This repository contains an example of active learning using PyTorch and the CIFAR-10 dataset. It demonstrates how to use a simple active learning approach to improve the performance of a model by iteratively requesting new labels for instances where the model is least confident, then retraining the model with the newly labeled data.
Note: In the real setting, the ground truth label would not be displayed when collecting labels for fresh data.
The active learning process is implemented in a loop, where each iteration consists of the following steps:
- Train the model on the currently labeled set of data.
- Use the trained model to make predictions on the unlabeled set.
- Select instances from the unlabeled set where the model's prediction confidence is lowest.
- Request new labels for these instances.
- Add the newly labeled instances to the labeled set and remove them from the unlabeled set.
- Repeat the process for a predetermined number of annotation rounds.
The model used for this process is a pre-trained ResNet-18 network from torchvision, which is trained using the cross-entropy loss and stochastic gradient descent (SGD) optimizer.
At the beginning, we define parameters for the active learning process:
least_confident_instances
: The top k instances where the model's prediction confidence is lowest will be selected for relabeling.num_annotation_rounds
: The number of re-labeling and re-training rounds.
The CIFAR-10 dataset is loaded and transformed to tensors and normalized. The dataset is then split into an initial labeled set and an unlabeled set.
A ResNet-18 model from torchvision is initialized with 10 output classes. A cross-entropy loss function and a SGD optimizer are also defined.
The train_model
function is defined for training the model on a given dataset using the defined loss function and optimizer.
Several helper functions are defined for the active learning process:
transform_image
: Transforms an image tensor from the range -1 to 1 to the range 0 to 1 for display.request_new_labels
: Requests new labels for selected instances from a human annotator.LabeledDataset
: A custom PyTorch Dataset class to be able to add the newly collected labeled data.
The active learning process is implemented in a loop that iterates for a number of rounds defined by num_annotation_rounds
. In each round, the following steps are executed:
- The model is trained on the currently labeled set of data.
- The trained model is used to make predictions on the unlabeled set.
- Instances where the model's prediction confidence is lowest are selected from the unlabeled set.
- New labels for these instances are requested from a human annotator.

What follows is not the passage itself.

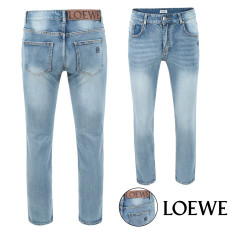 LOEWE 로에베 아나그램 자수 워싱 연청 슬림진 (0706220328)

- The newly labeled instances are added to the labeled set and removed from the unlabeled set.
After all annotation rounds are completed, the model is trained one final time on the final labeled set.
To run the active learning process, simply execute the provided script. During the process, the script will print out information about each annotation round and request new labels for selected instances. After each label request, enter the correct label for the displayed image. The process will repeat for the number of annotation rounds specified at the beginning of the script. After all rounds are completed, the model is trained on the final labeled set and the active learning process is finished.